All I know is the New York Times is unhappy that this female graduate can't go buy one.
What do I care what a crockery set is?
Nor did she pay the cable company to send a cable guy to set up her TV and internet.
Nor did she pay a handyman to hang a newly framed diploma.
She'd even buy adult beverages and snacks for a housewarming party.
In other words, Ms. Romanelli, 22, saved a lot of money, but she deprived the economy of a lot of potential activity, too.
Every year, young adults leave the nest, couples divorce, foreigners immigrate, roommates separate, all helping drive economic growth.
So cultural tumult.
The New York Times is lamenting.
There's not enough cultural rot.
Look at what they say drives the economy.
Adults leave the nest.
Couples divorce.
Foreigners immigrate.
Roommates separate.
All helping drive economic growth when they furnish and refurbish their new homes.

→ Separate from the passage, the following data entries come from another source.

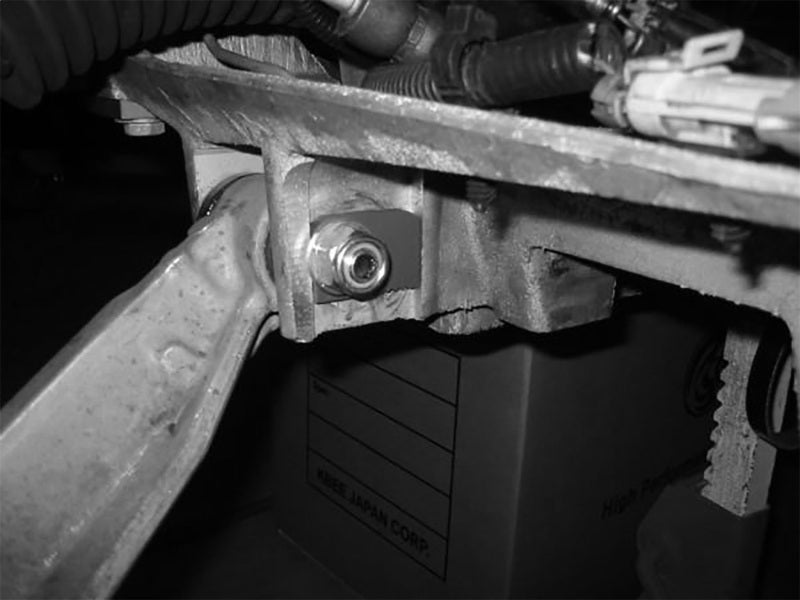 aFe Control PFADT Series Aluminum Frame Camber Kit; Chevrolet Corvette Z06/ZR1 (C6) 06-13 aFe Engine Mounts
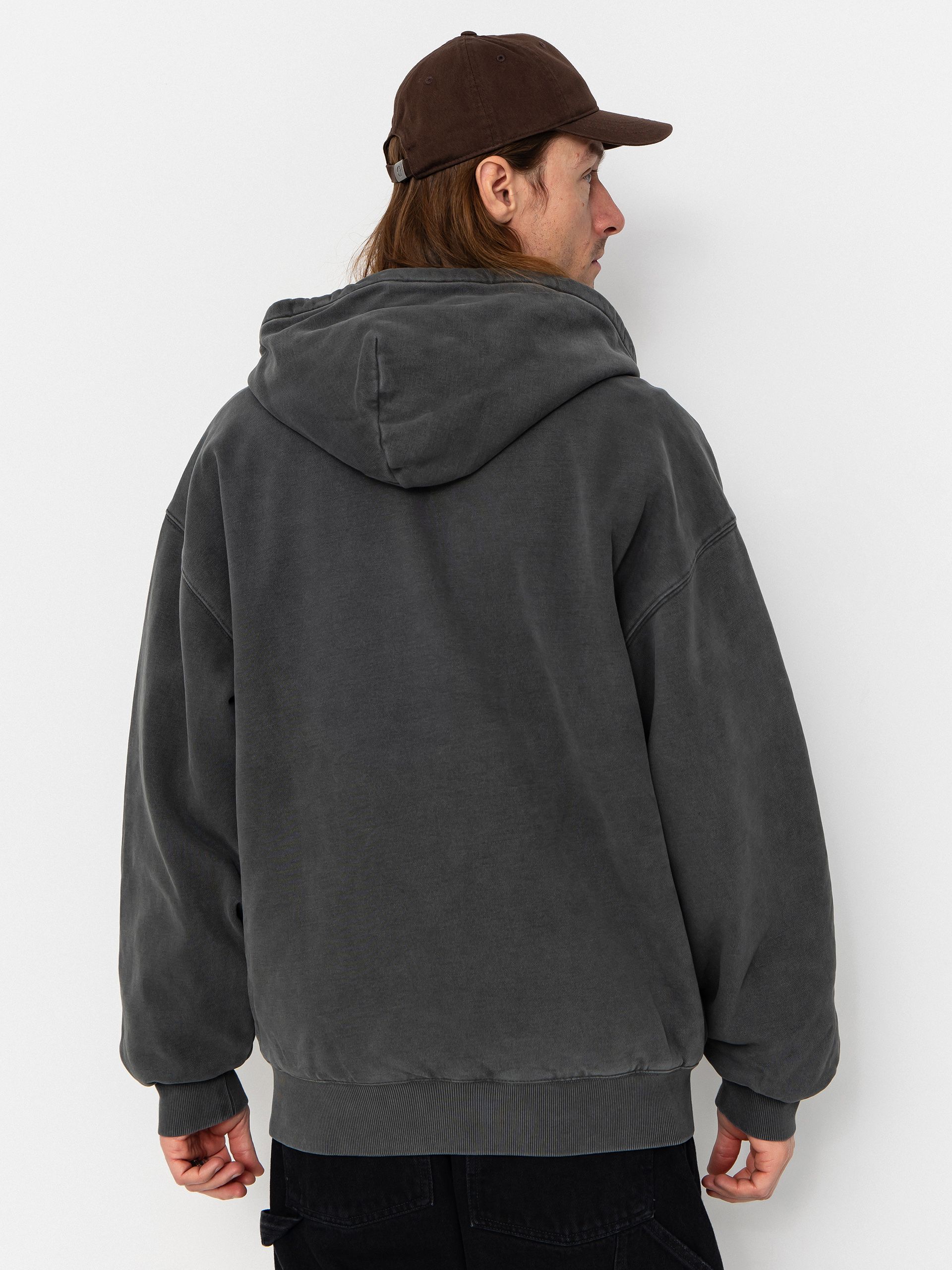 Geacă Carhartt WIP Vista ZHD (black/garment dyed)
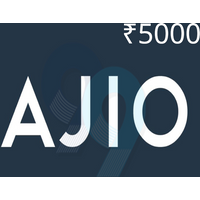 AJIO INR 5000 Gift Card IN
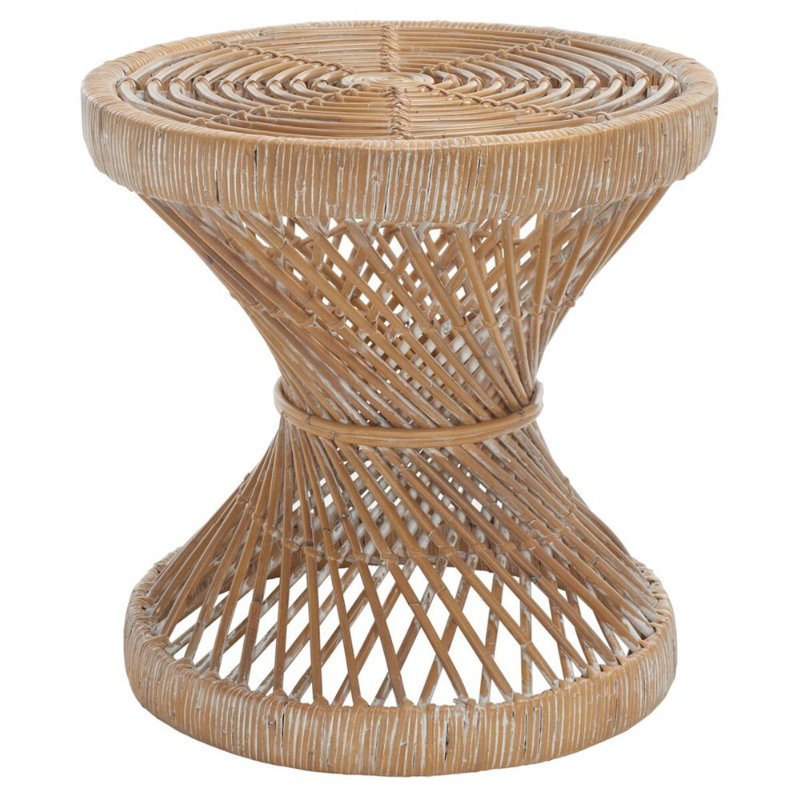Table de bout ronde Moorman, gris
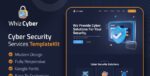 whizcyber cyber security elementor template kit.jpg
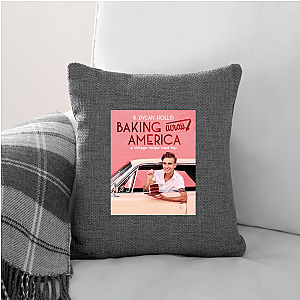 Baking Across America B Dylan Hollis Pillows Cover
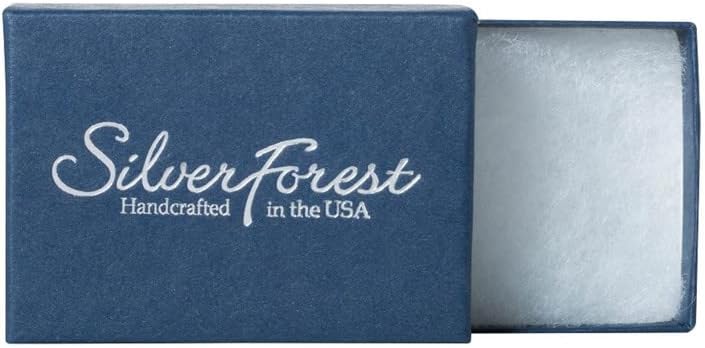 Silver Forest Flower Textured Tear with Wisp and Ameythst Drop NE-1912B - Image 3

Yes, growing up does help, but I don't know where they think adult divorce comes into this.
Under normal circumstances, every time a household is formed, it adds about $145,000 to output that year as the spending ripples through the economy, estimates Mark Zandi, the chief.
They just define trickle down here.
They've just defined trickle down here in the New York Times, which they excoriate.
They hate trickle down.
They say it doesn't exist.
They just defined it here.
But with the poor job market and the uncertain recovery, whoa, whoa, whoa, thought we were in an expansion.
This chick at the New York Times is in for big trouble here.
This story is a wreck because it's not following any of the templates of the drive-by media.
My God, lamenting that a woman can't go out and buy a crockery set or a mop.
Lamenting the fact that there isn't divorce.
Lamenting the fact that foreigners aren't immigrating, that roommates aren't separating.
Wow.
With the poor job market and uncertain recovery.
That's another thing.
We're supposed to be in an expansion here.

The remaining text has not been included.